When there is so much uncertainty about inflation, interest rates and the economy, it's not the worst idea to invest in reliable, stable infrastructure.
That's why the Market Matters team is about to pounce on APA Group (ASX: APA).
"APA is [a] classic defensive stock with regulated earnings linked to critical energy infrastructure," read its memo to clients.
The utilities stock is currently paying out a dividend yield of 5.37% per annum.
Of course, the market has already been rather fond of such infrastructure-related assets over the past year or so.
But the APA share price still seems to be cheap, sinking 13.4% over the past 12 months.
"APA is trading ~25% below its 12-month high with weak momentum," said the Market Matters analysts.
"We suspect the current lack of interest is for a few reasons."
Back to the future
Stocks like APA had already risen immensely during the zero-interest rate era that only ended a year ago.
"When interest rates (and bond yields) were at rock bottom, fixed income was very unattractive… meaning that investors were forced into equities," read the memo.
"'Bond-like' equities such as APA benefitted the most and their share prices rallied strongly."
With rates now higher and arguably in a more "normal" range, fixed income is back in favour.
"This reduces the appeal of stocks like APA, which should theoretically trade back to more normal pricing metrics."
The Market Matters team calculates the fair value for APA Group shares based on its dividend yield above 10-year bonds.
Market consensus is a forecast of 58.5 cents dividend for the 2024 financial year.

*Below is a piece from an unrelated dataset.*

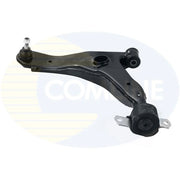 Comline Control/Trailing Arm fits Volvo S40 I 1995-2003 1.6 1.8 1.9 2.0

"Using FY24 assumptions, that puts APA on a yield of 5.82% (unfranked) versus the 3.65% 10-year yield — a spread of 2.17%," read the memo.
"[This] is still below its historical premium of ~2.8%, but well above the ~1% premium where it recently traded."
Given all this, the team is very close to buying APA Group shares now.
"We intend to buy APA Group on a move below $10."
APA shares closed Wednesday at $10.07.
The Motley Fool's Tristan Harrison is also a fan of the dividend stock.
"A large majority of the ASX 300 share's revenue is indexed to inflation, so APA is seeing revenue growth thanks to stronger inflation while boosting earnings and cash flow," he said last week.
"It has used the growing profit to pay a distribution which has increased every year for almost 20 years."